What this task involves »
Return each line exactly, from the one that has "Welcome to the" through the end of the entries, both ends included. Pictures do not belong.

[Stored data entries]
-- Opening Marker --

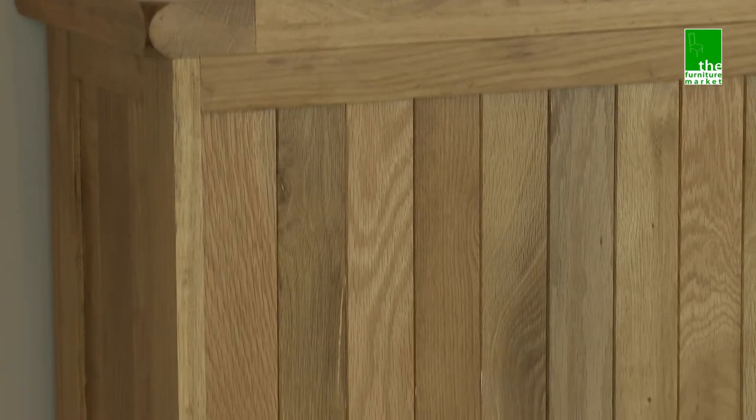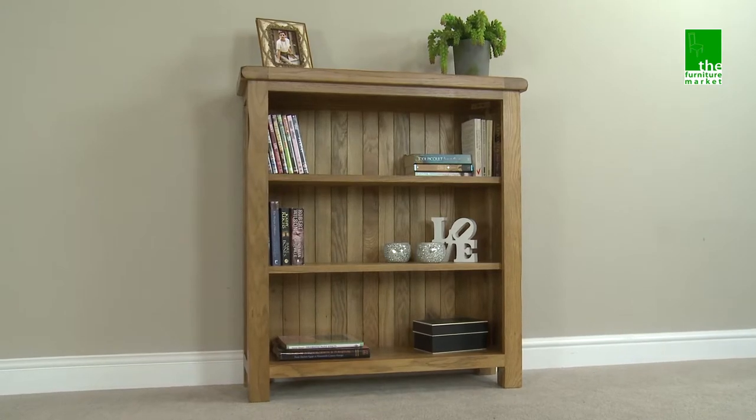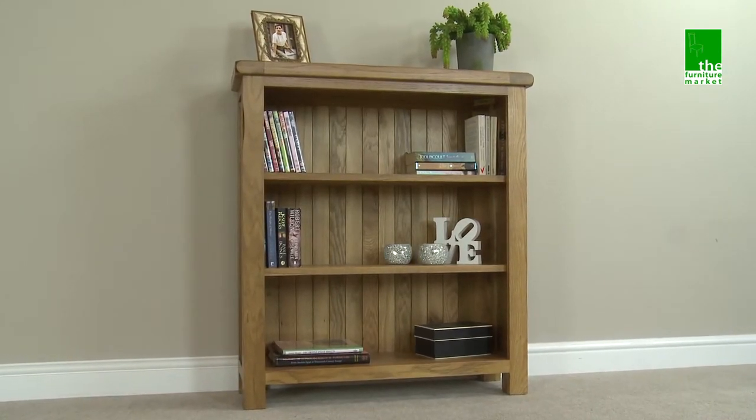Handcrafted using the finest cuts of North American oak combined with a solid oak back panel, the Rusticoat low bookcase is a charming piece of furniture that will stand the test of time.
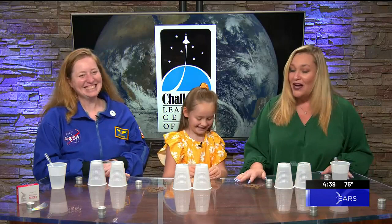Welcome back. We're here with Challenger Learning Center Executive Director Kirsten Hibbard for another edition of Science is Cool. We also have second grader Evie, also my daughter, here to help us with our experiment today. So Kirsten, what are we doing today?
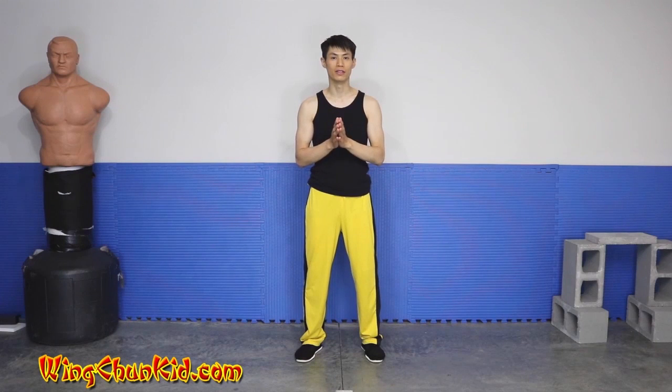Welcome to the second form of Wing Chun, Chang Kyu. In this form, we're going to learn about some more hand attacks, some kicks, waist movements, and a lot of really cool stuff. Chang Kyu means seeking the bridge, or seeking the gap, or bridging the hands. We're going to talk about how to use those tactics in fighting.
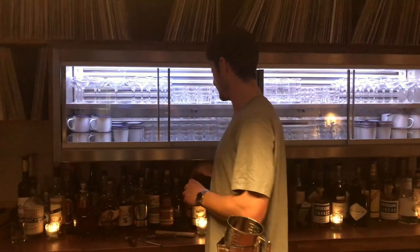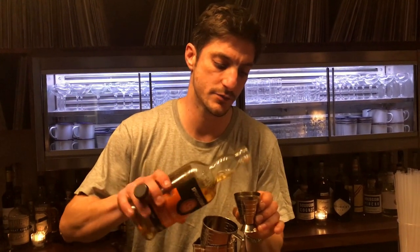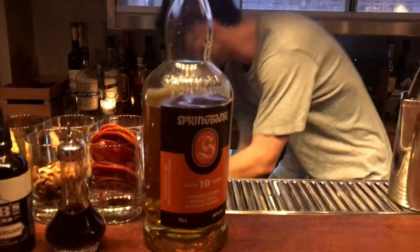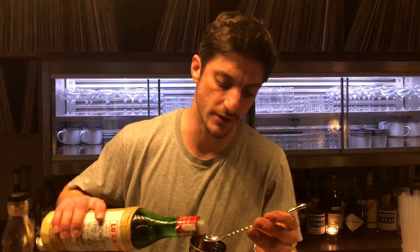Then we'll add 45ml of spirit. Half a barspoon of Maraschino Cherry.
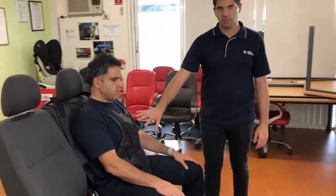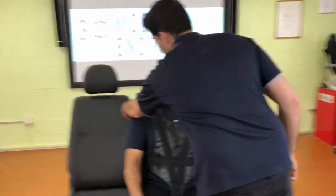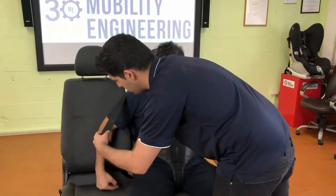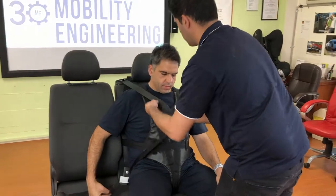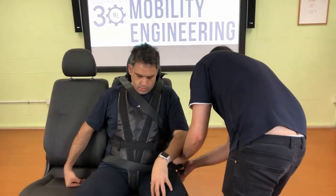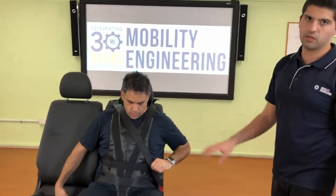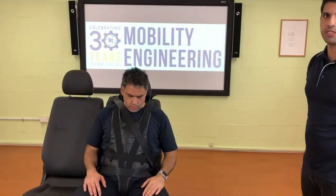Now we've got the harness installed onto the seat. The last part is the seat belt over the occupant. As you can see from the front, the harness is on the occupant — secure, five-point — and then we bring the seat belt around the client, click it in, and the harness is now completely secured to both the client and the seat.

-- Closing Marker --

Written response »
Welcome to the second form of Wing Chun, Chang Kyu. In this form, we're going to learn about some more hand attacks, some kicks, waist movements, and a lot of really cool stuff. Chang Kyu means seeking the bridge, or seeking the gap, or bridging the hands. We're going to talk about how to use those tactics in fighting.
Then we'll add 45ml of spirit. Half a barspoon of Maraschino Cherry.
Now we've got the harness installed onto the seat. The last part is the seat belt over the occupant. As you can see from the front, the harness is on the occupant — secure, five-point — and then we bring the seat belt around the client, click it in, and the harness is now completely secured to both the client and the seat.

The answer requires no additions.